The flipflop halves the frequency and skips one rising edge which I dont want in this case.
How can I achieve this Duty cycle doesn't have to be fixed just the frequency of the pulses should remain the same.
You want something called a one shot. Basically, you ignore everything except rising edges of your input signal. You copy the rising edge to the output, but make up your own falling edge.
A one shot is a timing component that does exactly that. You can set one up so that when a rising edge comes along, it starts a timed pulse. Since your pulses vary from 1 to 2.5 ms, 500 µs is the optimal time for guaranteeing the longest minimum level time.
Without prediction or delay, you can't make a square wave output.
I believe what you describe is a monostable circuit. You can check the monostable multivibrator for reference.
What it does is starting a fixed duration pulse at every rising (falling) edge of the input. You can tune it to your liking, as long as the 'on' time does not exceed the period of the signal (consider also the transition time). You are basically creating a pwm this way.
I would try using a CD4046B and use the type II phase detector. Both phase detectors use the leading edge of the input, but as your signal spans more than an octave, the type I detector may lock at the wrong frequency.
In addition, a type II phase detector is insensitive to input duty cycle, provided the input pulse width is long enough.
This would, admittedly, be a bit more difficult to implement than Olin's suggestion (which has the advantage of simplicity), but there is an application note available.
Much depends on the rate of change of frequency of the signal, though.
If that works, you will have a 50% duty cycle.
Try passing the signal to a NOT gate. The period of the pulse train will remain the same and you will end up with larger ON time.
One way to do this is using:
configured as follows:
simulate this circuit – Schematic created using CircuitLab
The delay time will define the output high pulse width, so it needs to be selected to be narrow enough to not interfere with the next period, but wide enough to be detected.

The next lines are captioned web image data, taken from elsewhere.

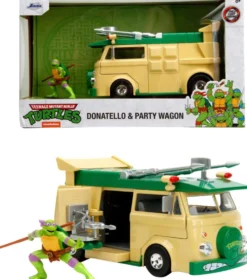 Jada Donatello jaTurtles Party Wagon, 20 cm, 1:24, die-cast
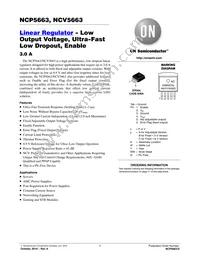 NCP5663DS18R4G Datasheet Cover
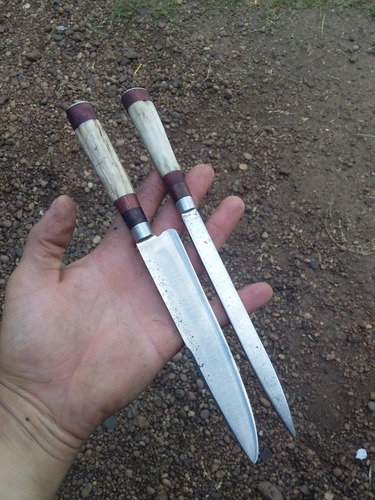 Imagen 8 de 10 de Excelente Juego De Cuchillo Y Chaira Criollo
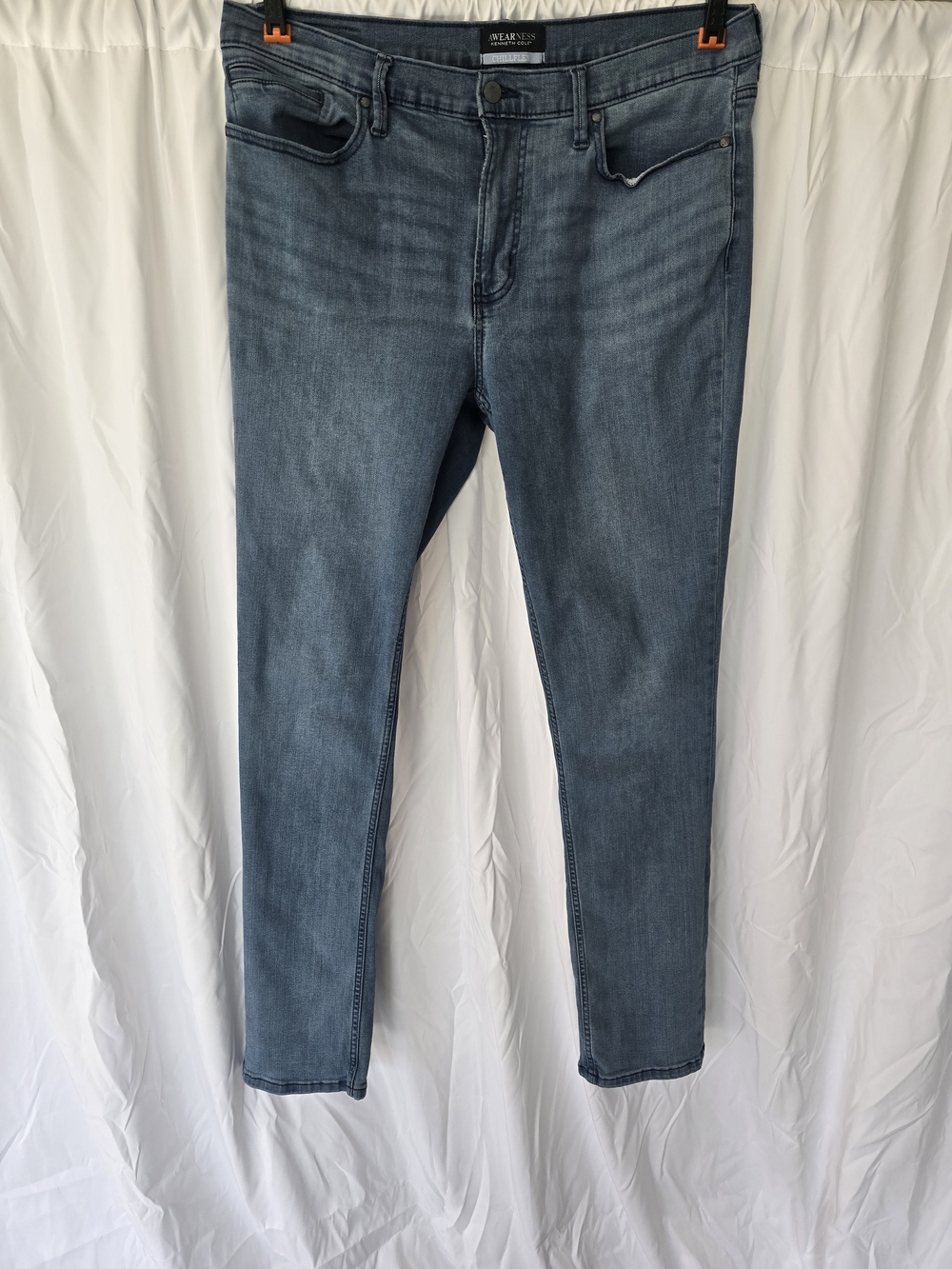 Kenneth Cole Awearness Chillflex Slim Fit Jeans Men’s 38x34 Blue Stretch Denim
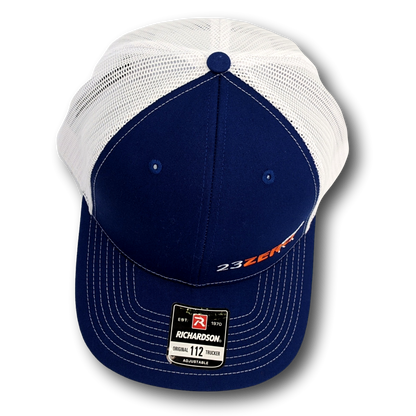 MER Adjustable Mesh Trucker Hat Blue & White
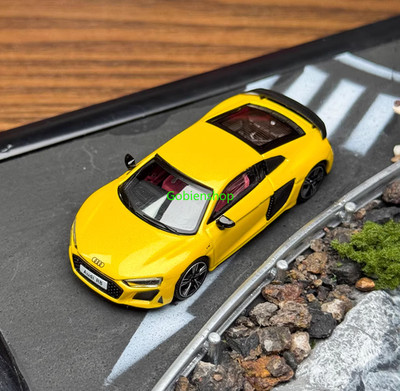 GB Masdi 1:64 Yellow 2022 R8 V10 Coupe Sports Model Diecast Collect Car 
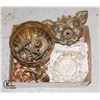 Image 1 : DECORATIVE BRASS ITEMS- BOX LOT ASSORTED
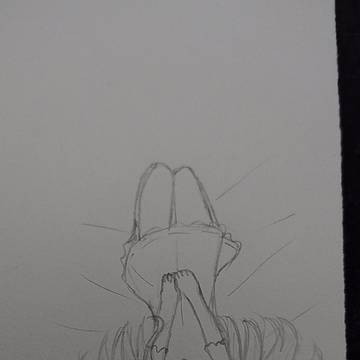 莉乃ちゃん仰向け練習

There are probably already ICs that contain this circuitry, but I'm more familiar with IC design, so this solution is the first one that came to my mind.

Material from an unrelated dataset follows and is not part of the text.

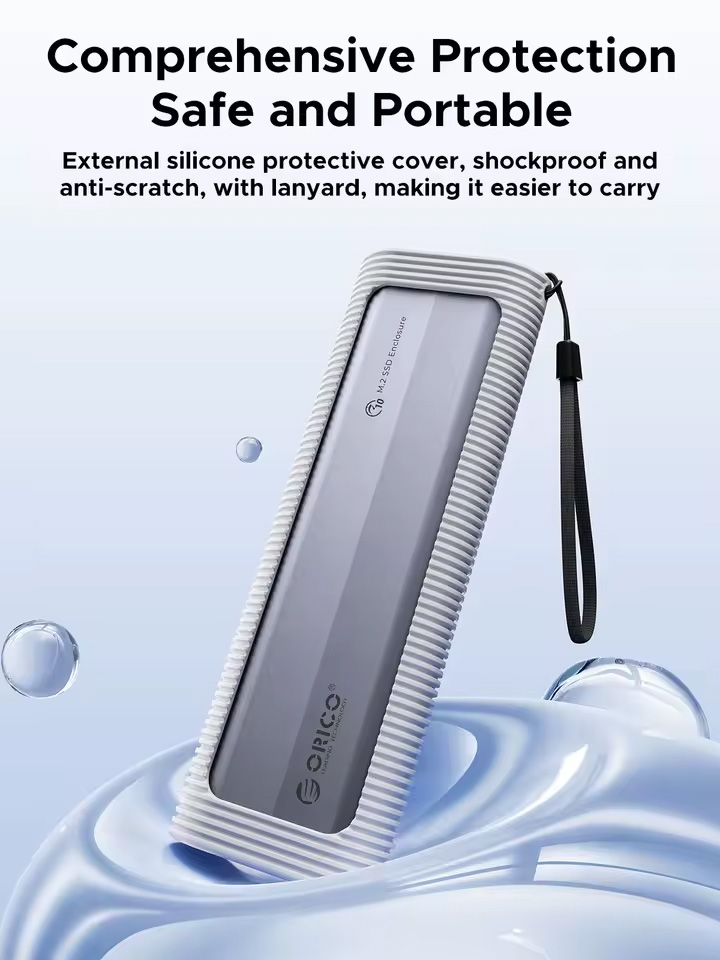 ORICO θήκη για M.2 NVME/NGFF SSD AXM2S-G2, 10Gbps, tool free, γκρι AXM2S-G2-V1-GY-BP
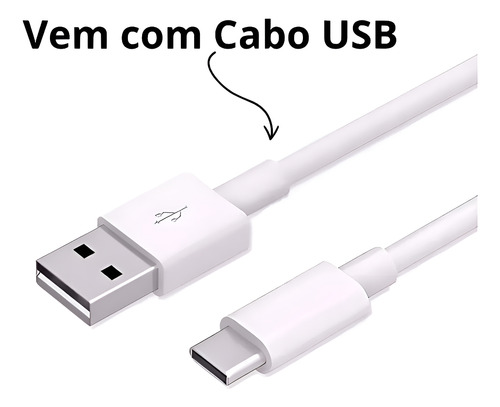 Carregador Sem Fio Por Indução P/celulares E Fones De Ouvido Azul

This solution uses a microcontroller, although it also could be done with hardwired logic as well (probably a good application for an FPGA).
Set up an interrupt so it will trigger on the rising edge of the input signal. The uncertainty of the timing will then be half of one instruction cycle, typically in the tens of ns or less. An input capture module could also be used.
It is assumed that this interrupt, and the three timer interrupts discussed below, are the only ones in the system so the latency is fixed in each case.
Call this first interrupt time A. In the interrupt routine, capture the time from a free-running clock, and set a timer to interrupt at A + 2500 µs. Call that A'. The 2500 µs figure is chosen to be at least as long the maximum distance between pulses.
The leading edge of the next 100 µs pulse B is then acquired in the same fashion. (This also starts the cycle for the next pulse, overlapping the first, so two overlapping timers are required, which are used alternately.)
A second timer is set to interrupt at A' + (B - A) / 2, i.e. half the previous period. Call that a'.
When the interrupt for timer A' occurs, set the output high. When the interrupt for timer a' occurs, set the output low. Since both of these are being handled by interrupts, the overhead for both will be the same and the relative time between the two equal to exactly a' - A', half the time between B - A, or a 50% duty cycle.